Thomas Kleinert
Could the good bishop have said anything at all even remotely related to the gospel of Jesus Christ without offending the great leader? Clearly, at the solemnities in the magnificent cathedral, her plea for mercy was considered out of place by the perpetually aggrieved man. Will he wait for his third term to assert by executive order his right to install America’s bishops?
“It is astonishing,” James Baldwin wrote, “it is astonishing the lengths to which a person, or a people, will go in order to avoid a truthful mirror.”[1] Truthful mirror is an apt description of the living word of God, and we’re here to remember that no shouts on Truth Social will dim, let alone break, that mirror.
Cole Riley got my attention this past week when she shared her wise observations — on Instagram, of all places.
If you’re feeling a kind of bone-deep, soul-body exhaustion today, please remember that is by design.
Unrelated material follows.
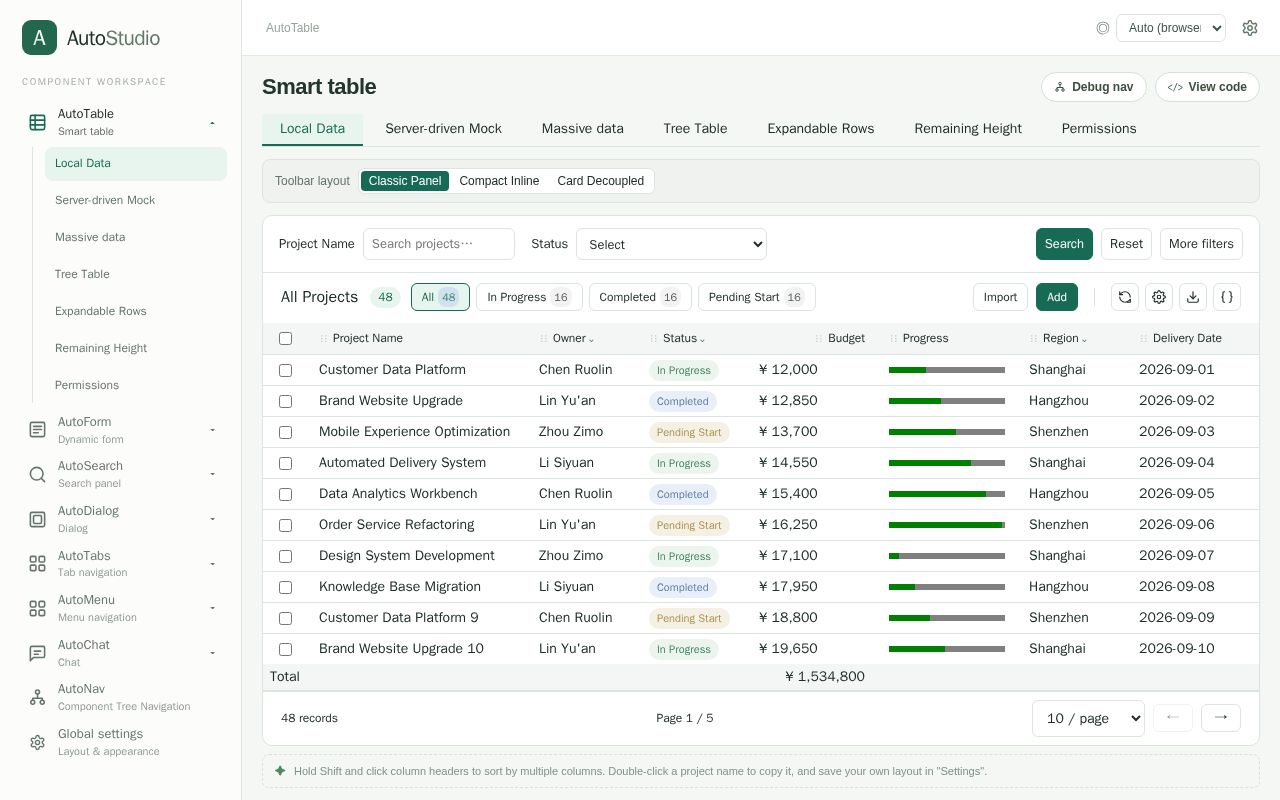 Preview of React Auto Components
However futile resistance and goodness and beauty feel today, do not surrender your appetite for them.
She urges me to understand that the overwhelming exhaustion I feel, this deep hunger for goodness and beauty, is at least in part an intentional deprivation, and she insists that I don’t surrender this hunger by numbing it with the endless offerings of the distraction economy. “Do what you need in order to retain possession over your own imagination,” she writes.[2] What I hear her say, is, Be careful whose clips you watch. Be careful whose language you borrow for your thinking and speaking. Be careful whose words and attitudes you allow to enter your inner space — they will shape your world.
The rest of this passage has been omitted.